El público entusiasta conocía poco de la significación de aquella sede. La prensa oficial encomiaba a Yasser Arafat como aliado y los judíos pertenecían al bando enemigo.
No recuerdo haber tenido amistades cercanas de origen hebreo y, si así hubiera sido, me imagino que habrían mantenido su fe en la máxima discreción. Se vivían tiempos de incertidumbre donde las creencias religiosas eran excomulgadas de la narrativa social tradicional.
El judío más influyente del ICAIC fue Saúl Yelín. Cierta vez, durante un brindis en Casa de las Américas, le escuché decir al director brasileño Glauber Rocha que Haydée Santamaría ostentaba un poder temible.
Yelín, suerte de embajador del ICAIC con respecto a los amigos extranjeros que la Revolución necesitaba en la promoción internacional, murió temprano en 1977 de un ataque al corazón.
El primer documental que se atrevió a entrar de lleno en el legado nebuloso de los judíos en Cuba fue A mis cuatro abuelos (1990), de Aarón Yelín, testimonio melancólico sobre el suplicio de sus antepasados en la Isla.
Si mal no recuerdo gracias a ese documental supe que en Guanabacoa había un cementerio judío, algo abandonado, sin apenas atención ni mantenimiento.
Por supuesto que parte de la numerosa filmografía sobre el Holocausto se abrió paso en los cines de La Habana.

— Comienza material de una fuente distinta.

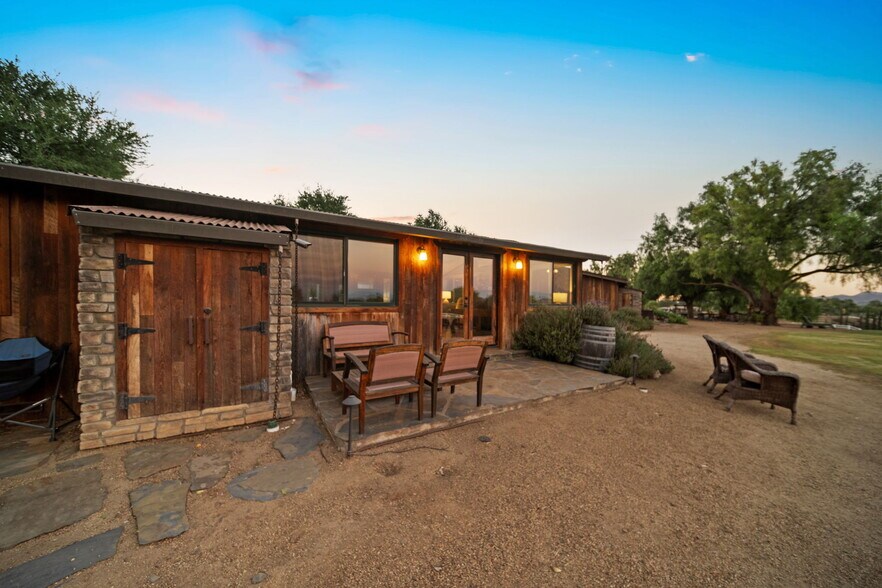 More Photos Of 42809 Guava St, Murrieta Land For Sale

Pero lo ocurrido históricamente después, la fundación del Estado de Israel y sus éxitos, fue manipulado y silenciado en aras de resaltar los valores de países que desde temprano intentaron la desaparición de la naciente nación mediante guerras arteras y resultaron ser puntuales aliados del castrismo en el llamado Movimiento de Países No Alineados.
Cuando el campo socialista se derrumbó, el régimen, necesitado de nuevos ingresos, aflojó las clavijas de la represión religiosa. Una parte de la Comunidad Hebrea, sobre todo la magnífica sinagoga Beth Shalom, regresó a manos de sus practicantes y se produjeron no pocos documentales ―algunos oportunistas y complacientes con la prédica castrista― sobre memorias de la comunidad judía cubana.

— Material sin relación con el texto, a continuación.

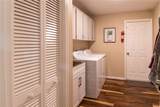 13305 Whitby Road - Photo 12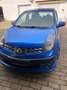 Nissan Note 1.6 acenta - thumbnail 3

En el año 2018 el Festival de Cine Judío de Miami presentó el documental Cuba’s Forgotten Jewels, a Haven in Havana (Las joyas olvidadas de Cuba, un refugio en La Habana), de las directoras Judy Kreith y Robin Truesdale, sobre la creación de la industria del corte y pulido del diamante por hebreos que lograron escapar del Holocausto y terminaron eventualmente en la Isla, esperando trasladarse a Estados Unidos, para luego regresar a sus respectivos países. El sueño, sin embargo, no fue cumplido por la mayoría de los desplazados.
Es de subrayar lo bendecido que se sintieron en Cuba donde ―según confiesan―, no recuerdan ni una frase discriminatoria.
El documental anota que entre los años 1933 y 1944, numerosos buques procedentes de Europa llevaron a Cuba un estimado de 12.000 judíos. Algunos siguieron camino a Estados Unidos tan pronto se les presentó la oportunidad, pero otros hicieron vida y fortuna en la Isla.
El castrismo no tuvo mucha piedad con los judíos asentados en Cuba. La comunidad fue totalmente diezmada por el ateísmo constitucional que liquidó, sin miramientos, sinagogas y escuelas. Se calcula que, de una población total de 15.000 personas en La Habana de 1959, solo quedaron 1.000 después del éxodo provocado por el “holocausto” verde olivo.